After spending 10 minutes trying to turn the balloon using side vents, Bernard suggested that we switch spots, so the sponsor’s rep and her daughter might see more than the mountains to the north. Julie later admitted thinking, “Move? I don’t think so. My hands are welded to the basket.” When we did move, I discovered that the bottom of the basket was not rigid, but spongy. But still, it held us all.
After about an hour (which seemed like a spectacular 20 minutes), we noticed that we were pretty low. Someone asked whether we were going to land. What they really meant to ask was, “Bernard, are you watching what is happening?” “Are we going to crash?” and “I’d like to point out that we are falling out of the sky.” Breathlessly, we awaited a response from our pilot. All he said was, “Maybe.” It turned out that he was looking for a place to set down near the road so he could change passengers. The touchdown was smooth, as the basket whacked only one creosote bush. He held the balloon there while Beckie, in the chase truck, found us.

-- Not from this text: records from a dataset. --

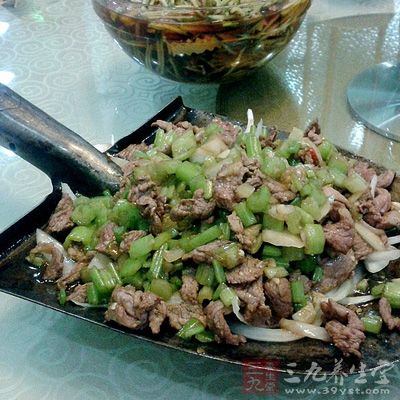 東北菜因其傳統的明顯庶民大眾性和市場化後的“家常”性而應運走紅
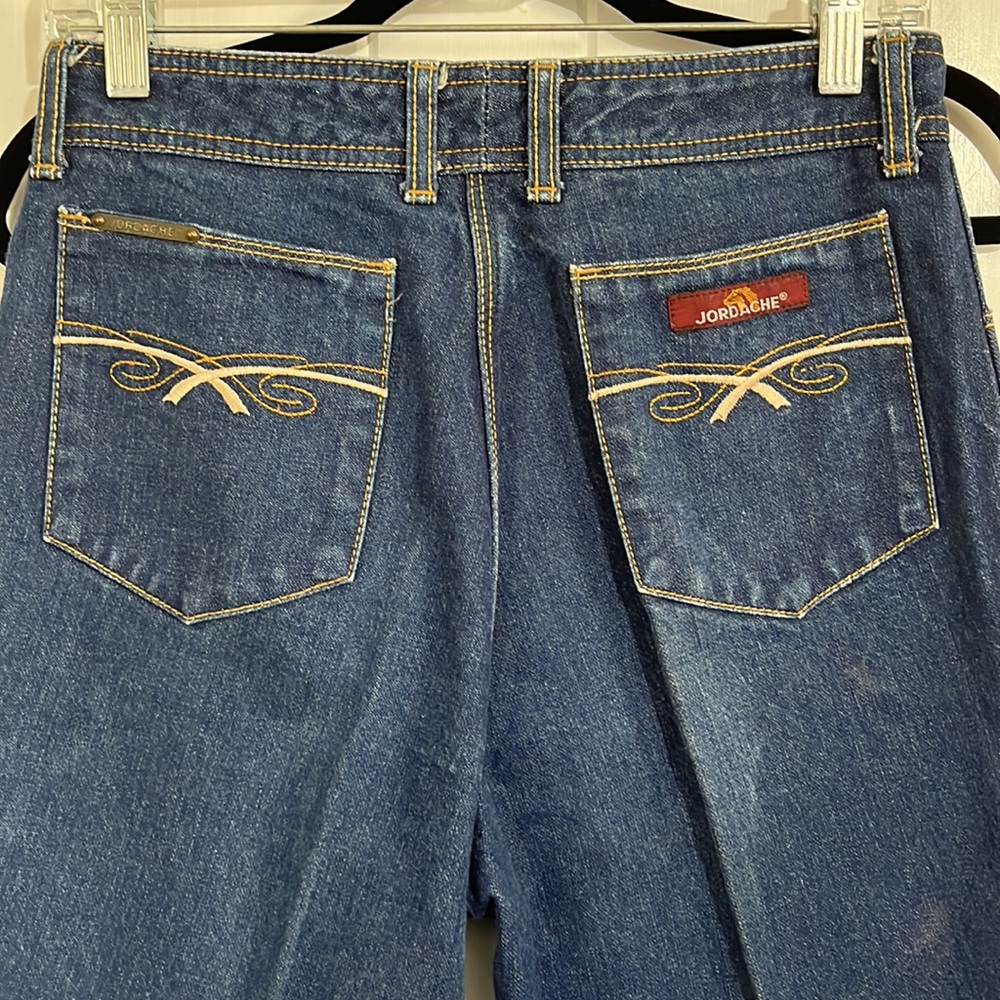 Vintage Jordache dark wash straight leg blue jeans. Size 32 long. 30” inseam. - Picture 2 of 8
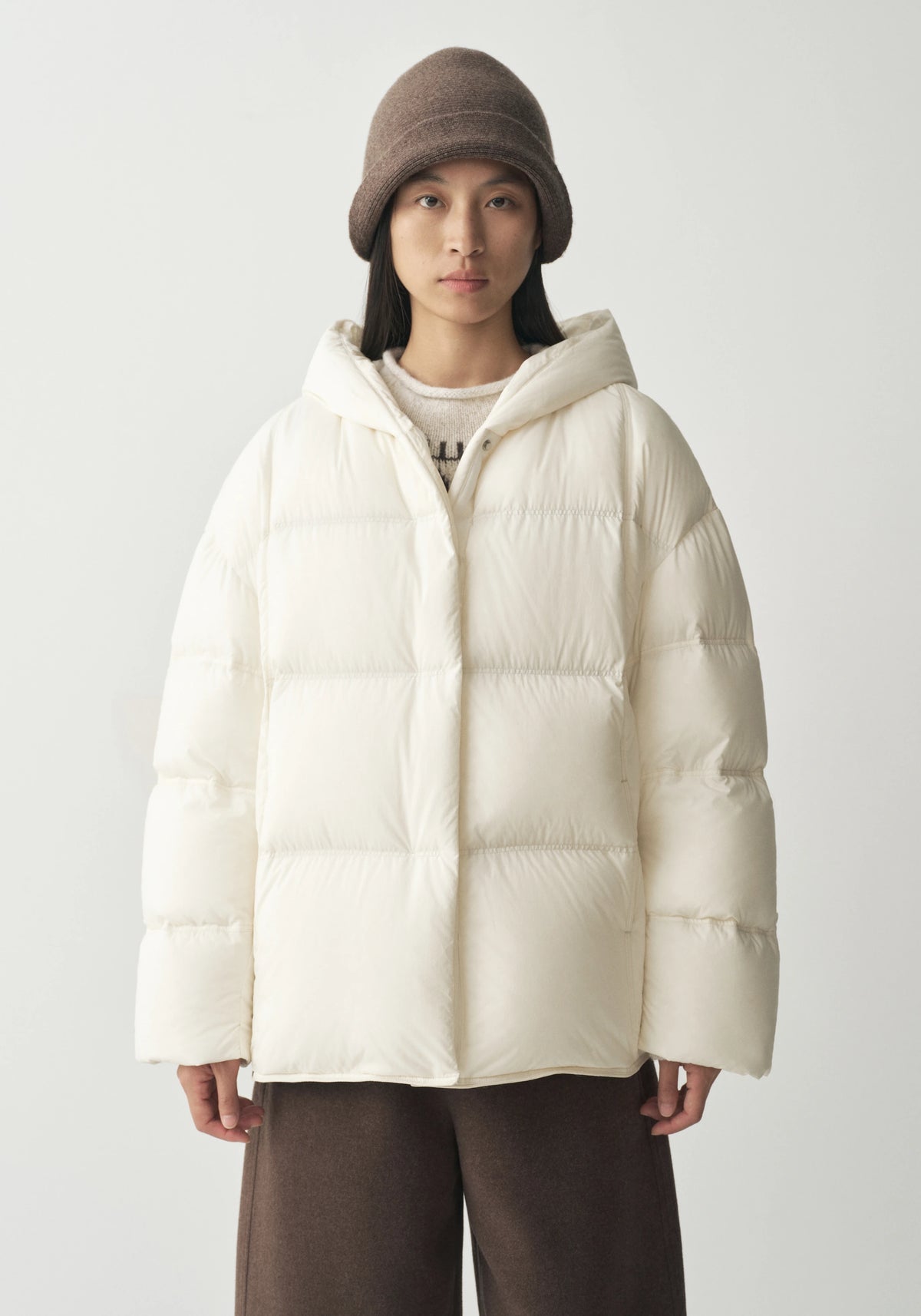 #color_off white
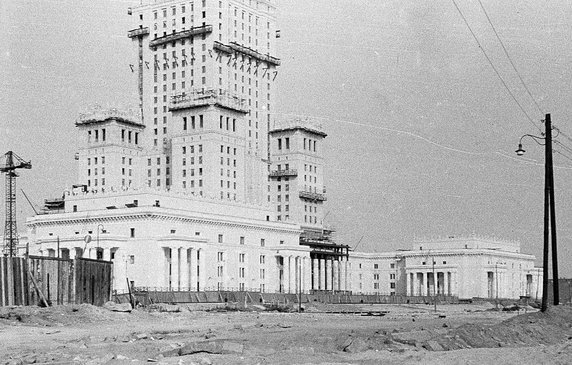 Pałac Kultury i Nauki w 1955 r.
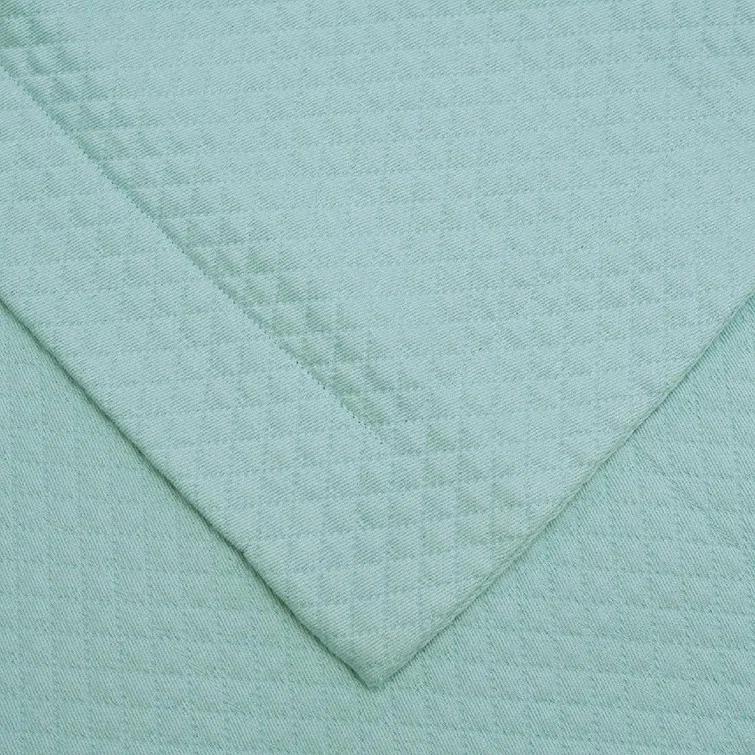 Superior Superior Solitaire Waffled Matelassé Bedspread Set with Shams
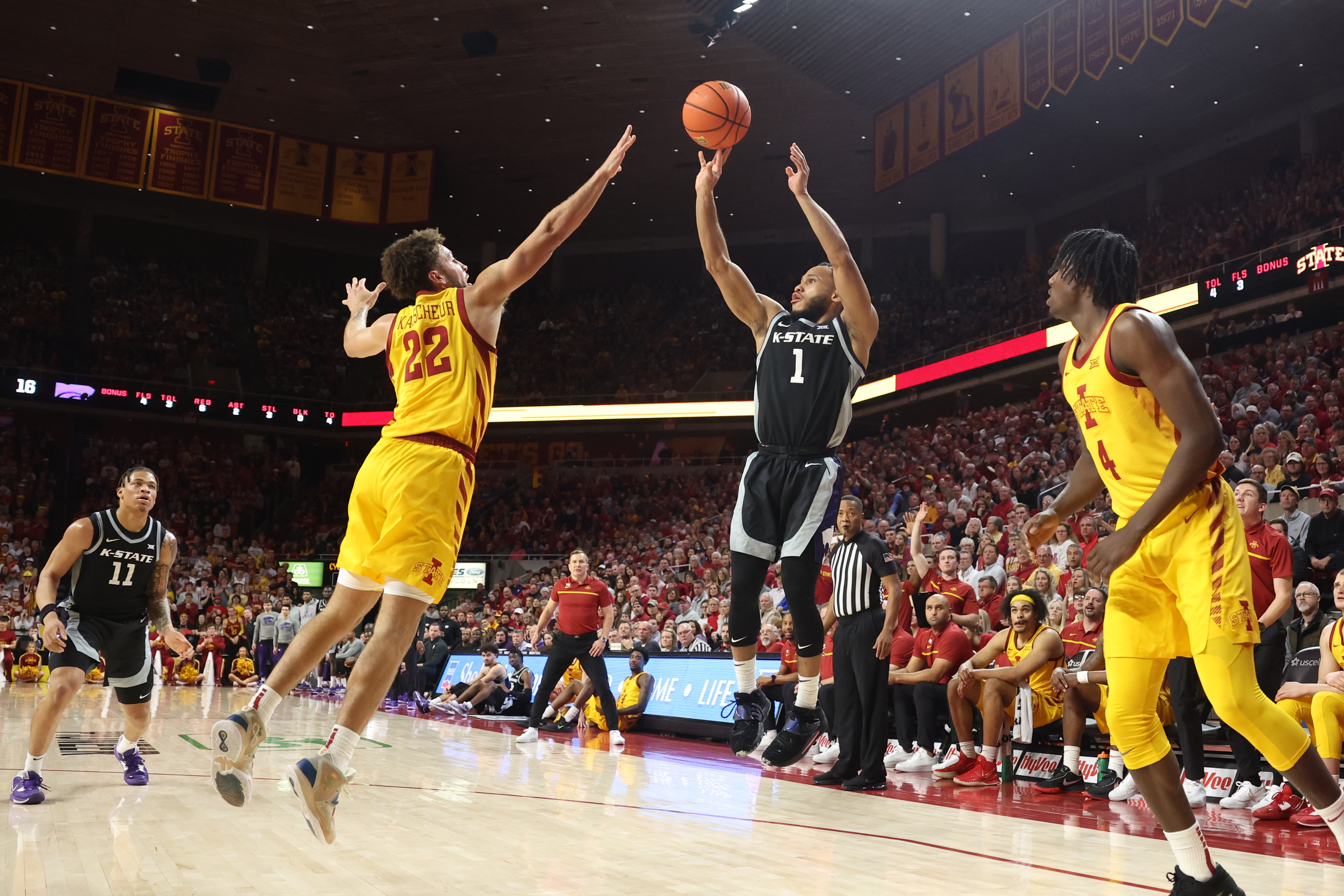 REACTION POD with CW: No. 12 Iowa State tops No. 5 K-State in heavyweight brawl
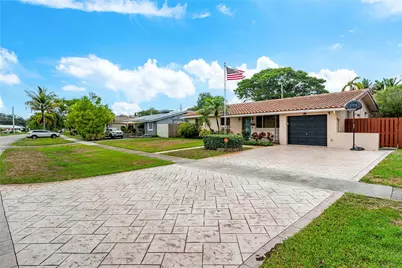1512 E Hawthorne Circle, Hollywood, FL 33021 - Photo 1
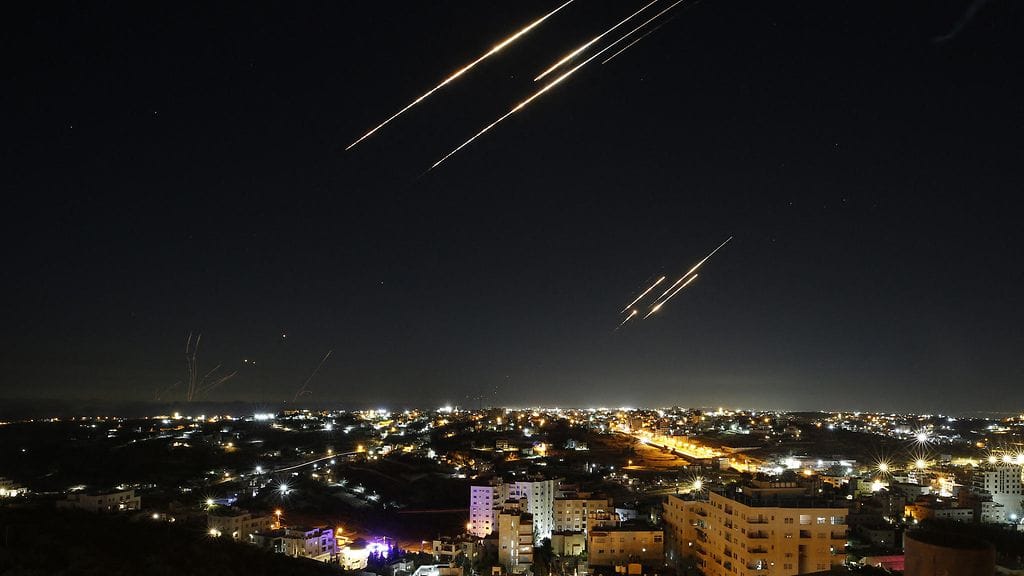 1806 AOP Iranin iskut Israeliin (1)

Just like that, our flight was over. Before I was out of the basket, I was ready to go again “” and so was Julie. Now the chase team was composed of Beckie, the sponsor’s rep, the rep’s daughter, Julie, and me.
After that flight, it was time for Bernard and Beckie to take Joni to the airport. Julie asked them to stop by our motorhome on their way back. They accepted, and we had a nice chili supper. I showed Bernard around the coach, which was fun, considering all he had taught us about ballooning during the previous two weekends.